Records:
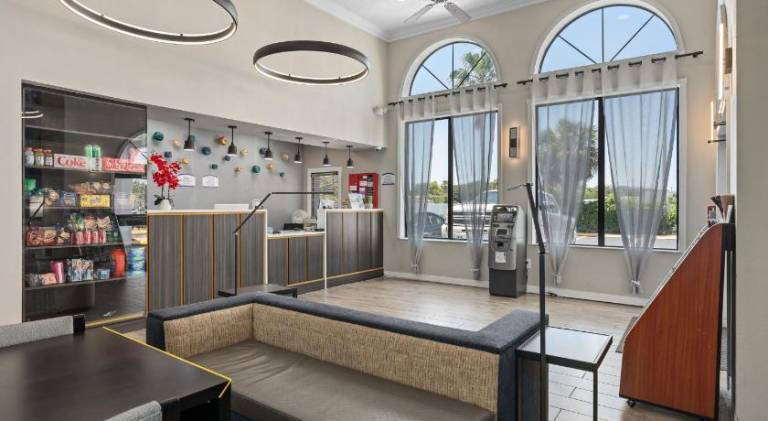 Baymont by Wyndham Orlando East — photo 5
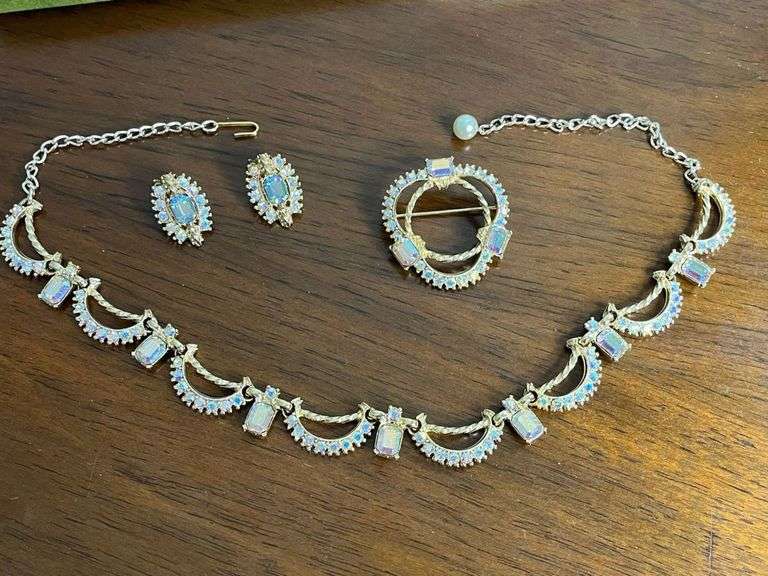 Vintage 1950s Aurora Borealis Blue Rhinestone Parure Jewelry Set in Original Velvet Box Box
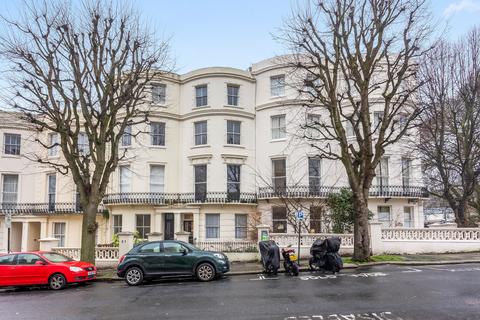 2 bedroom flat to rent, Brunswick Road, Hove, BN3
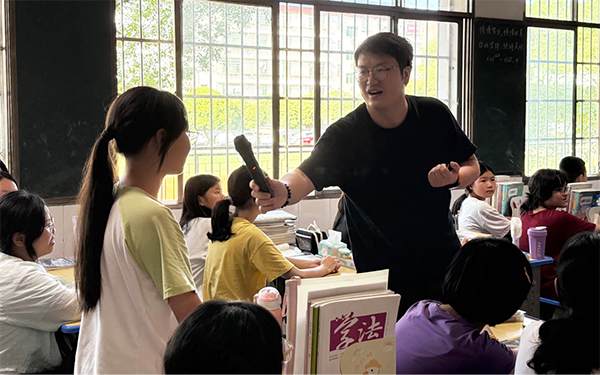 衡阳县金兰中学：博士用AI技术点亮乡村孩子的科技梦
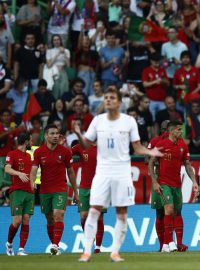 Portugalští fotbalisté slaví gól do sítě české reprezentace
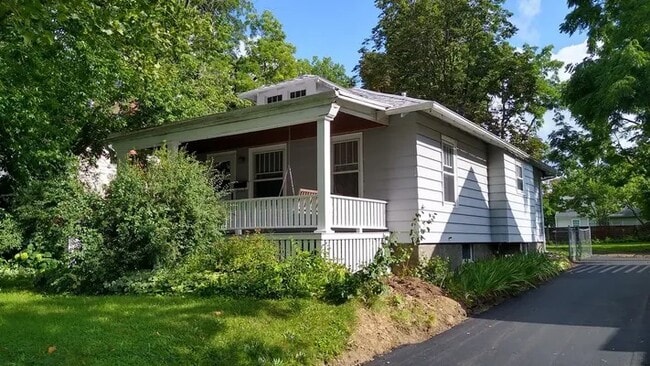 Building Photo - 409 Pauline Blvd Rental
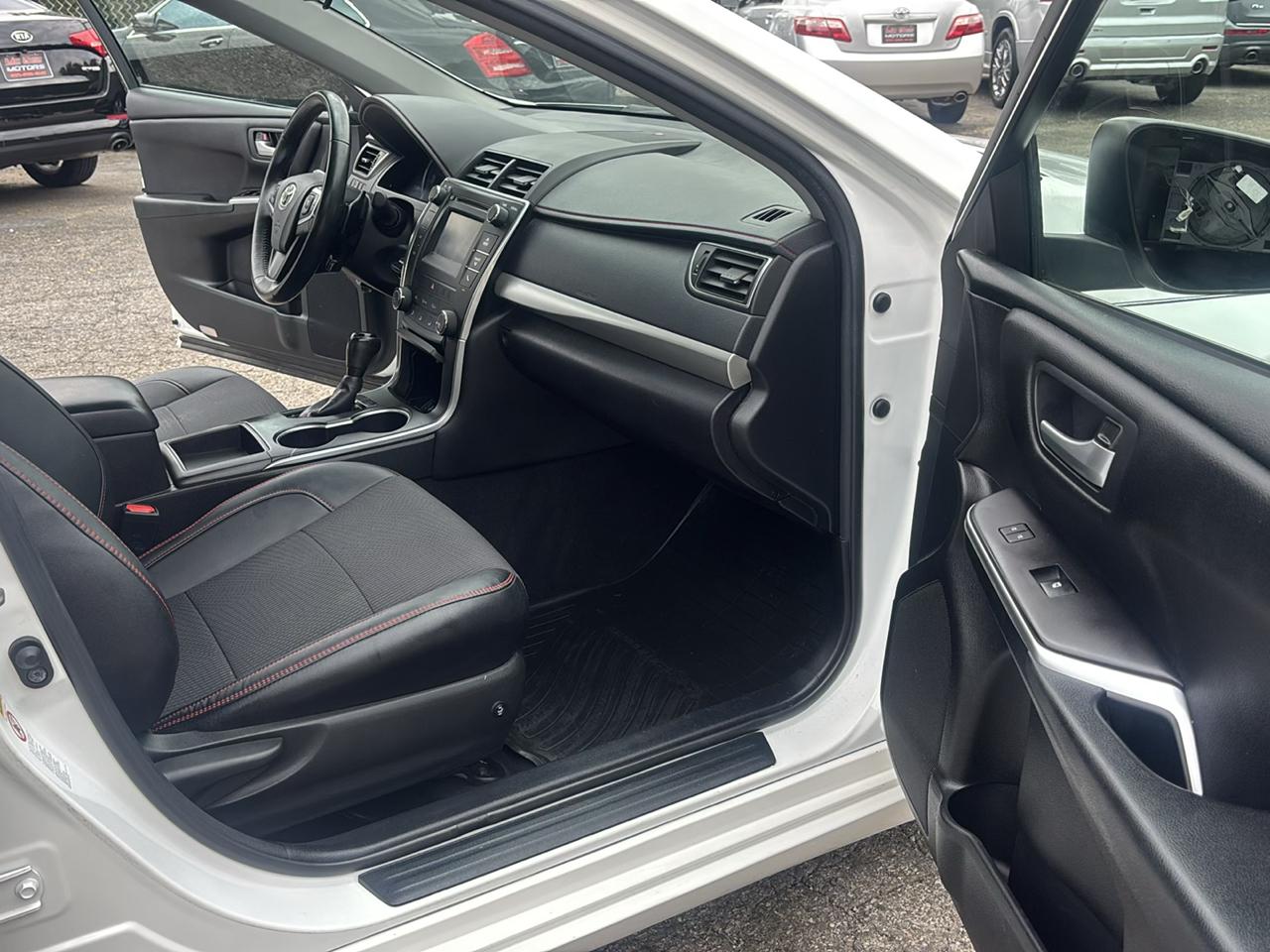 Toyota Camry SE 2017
---
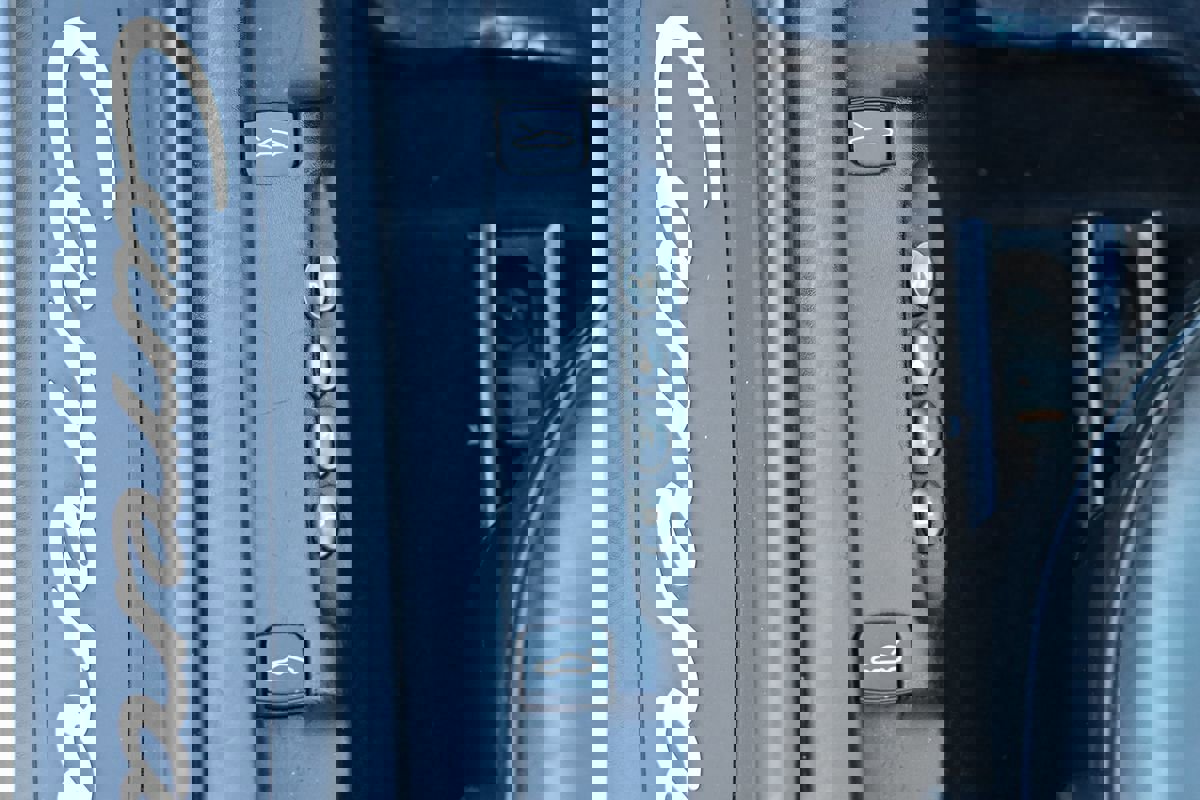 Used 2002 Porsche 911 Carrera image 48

Task instructions:
Working from the entries above, reproduce exactly and only the lines beginning with the line that has "Vintage 1950s Aurora" and ending with the line that has "Toyota Camry SE 2017"; omit all pictures.

Written solution:
 Vintage 1950s Aurora Borealis Blue Rhinestone Parure Jewelry Set in Original Velvet Box Box
 2 bedroom flat to rent, Brunswick Road, Hove, BN3
 衡阳县金兰中学：博士用AI技术点亮乡村孩子的科技梦
 Portugalští fotbalisté slaví gól do sítě české reprezentace
 Building Photo - 409 Pauline Blvd Rental
 Toyota Camry SE 2017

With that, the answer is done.